Material provided:
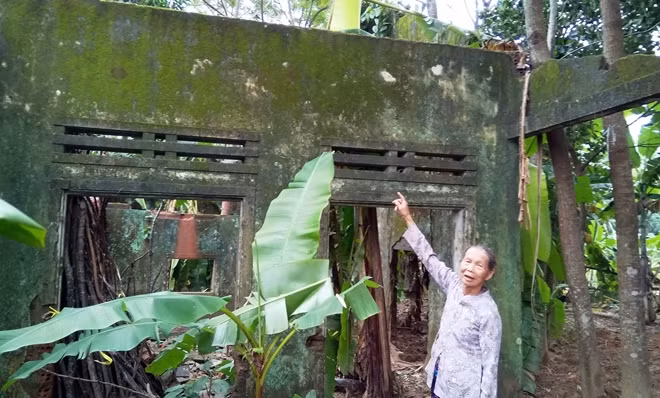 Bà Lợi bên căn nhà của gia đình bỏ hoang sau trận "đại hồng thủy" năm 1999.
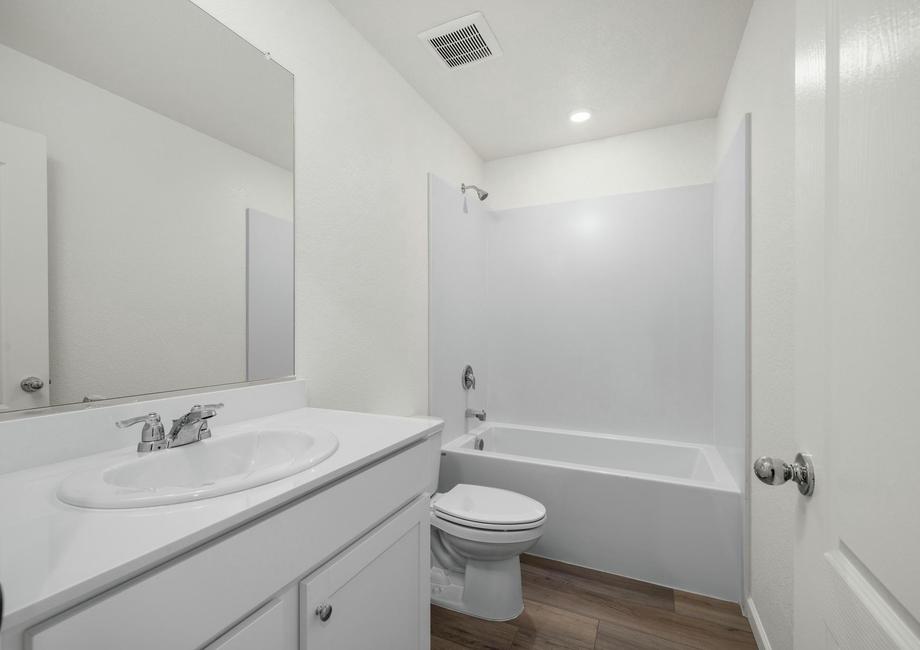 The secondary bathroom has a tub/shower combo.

...

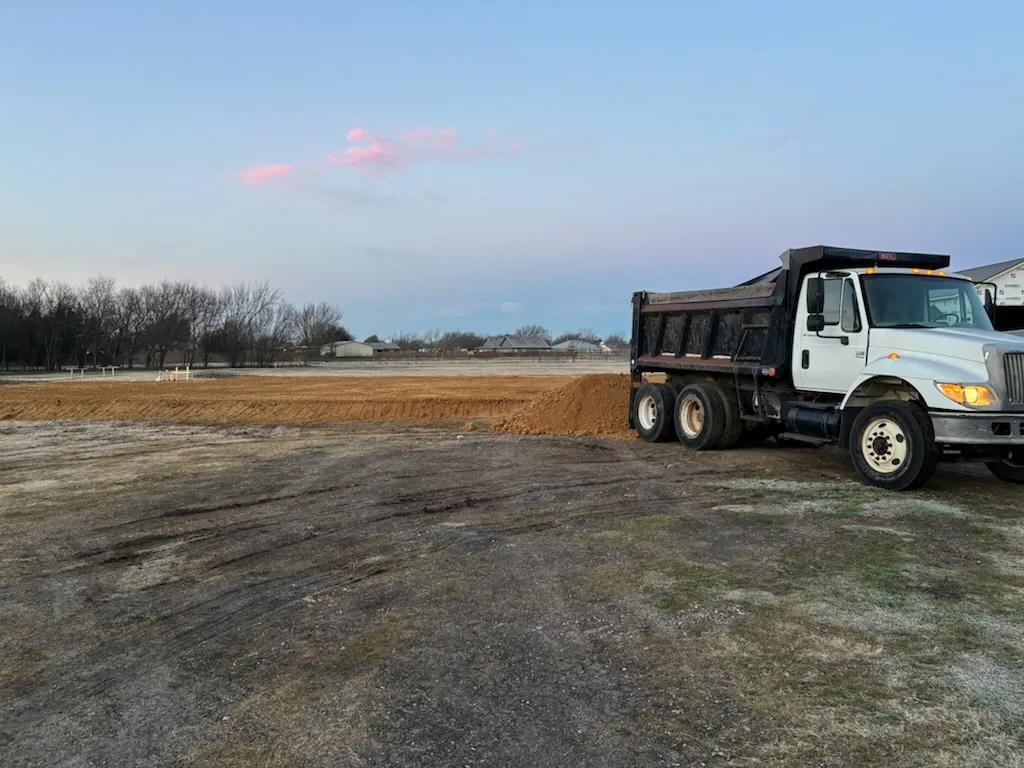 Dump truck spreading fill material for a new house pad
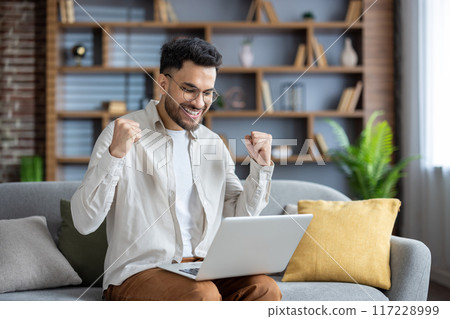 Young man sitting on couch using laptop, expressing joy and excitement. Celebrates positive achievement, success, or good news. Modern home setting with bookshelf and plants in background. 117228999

==

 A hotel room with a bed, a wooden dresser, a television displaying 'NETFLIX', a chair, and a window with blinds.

Exercise objective: Return the stretch of data that begins with the line showing "Dump truck spreading" and goes on through the line showing "Young man sitting", exactly, with pictures removed.

Response to the exercise:
 Dump truck spreading fill material for a new house pad
 Young man sitting on couch using laptop, expressing joy and excitement. Celebrates positive achievement, success, or good news. Modern home setting with bookshelf and plants in background. 117228999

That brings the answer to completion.